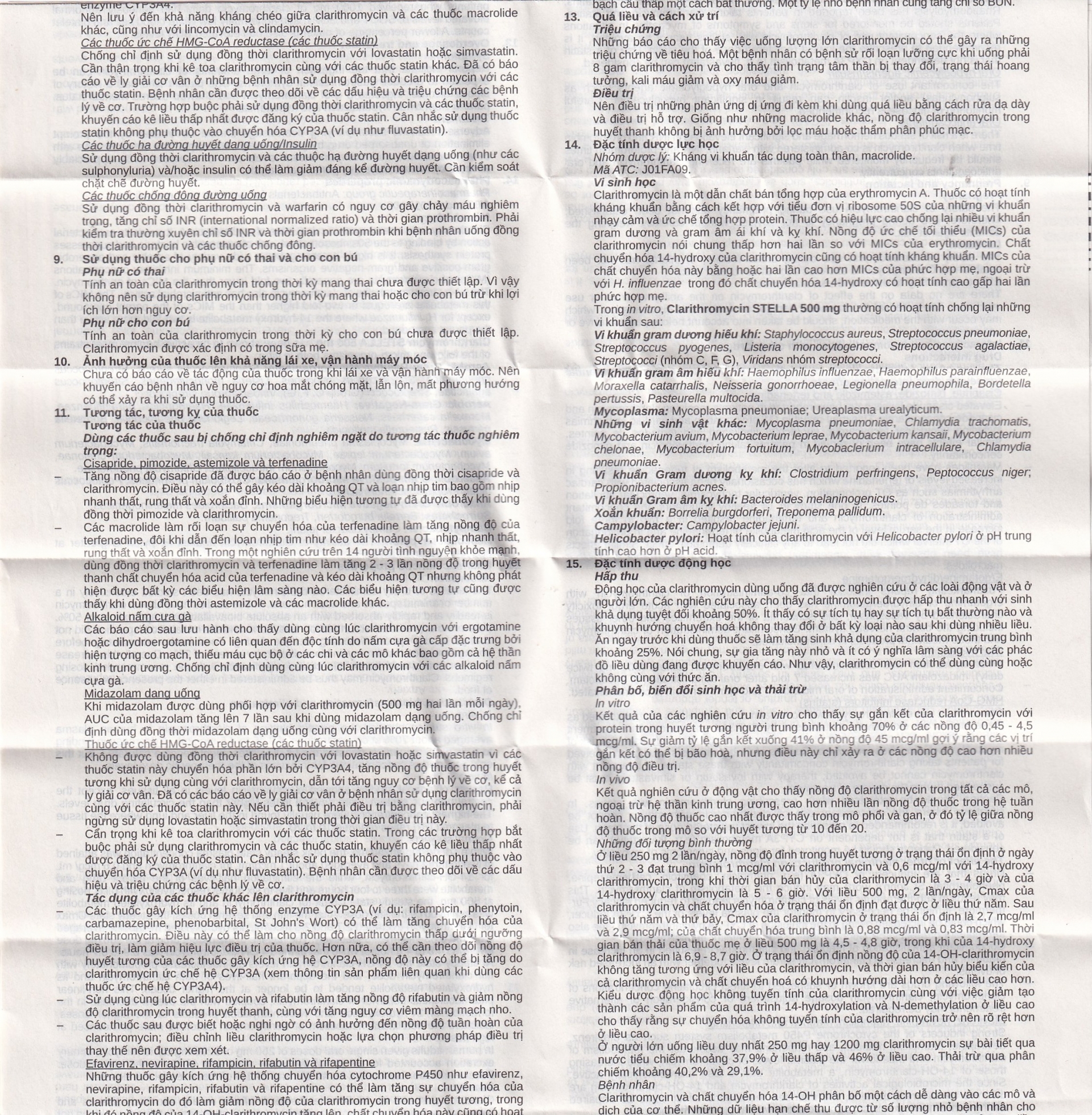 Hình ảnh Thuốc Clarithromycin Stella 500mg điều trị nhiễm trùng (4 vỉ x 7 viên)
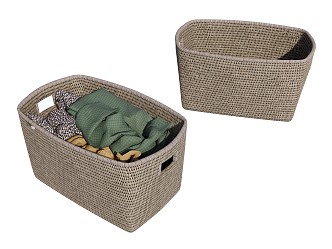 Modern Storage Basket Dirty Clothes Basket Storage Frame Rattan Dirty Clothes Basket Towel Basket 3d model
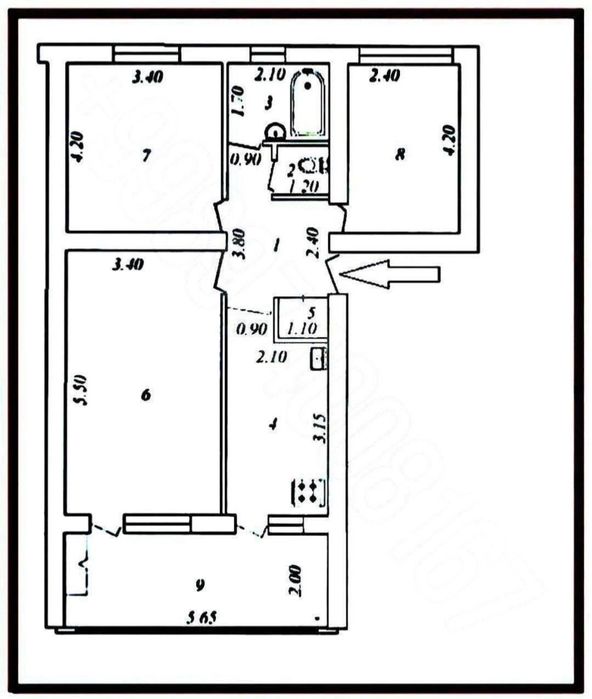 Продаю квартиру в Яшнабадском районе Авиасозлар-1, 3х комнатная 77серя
# # # # # # #
[What you should do] The reply must consist of the complete listing, reproduced exactly, with no images.

[Solution]
 Hình ảnh Thuốc Clarithromycin Stella 500mg điều trị nhiễm trùng (4 vỉ x 7 viên)
 Modern Storage Basket Dirty Clothes Basket Storage Frame Rattan Dirty Clothes Basket Towel Basket 3d model
 Продаю квартиру в Яшнабадском районе Авиасозлар-1, 3х комнатная 77серя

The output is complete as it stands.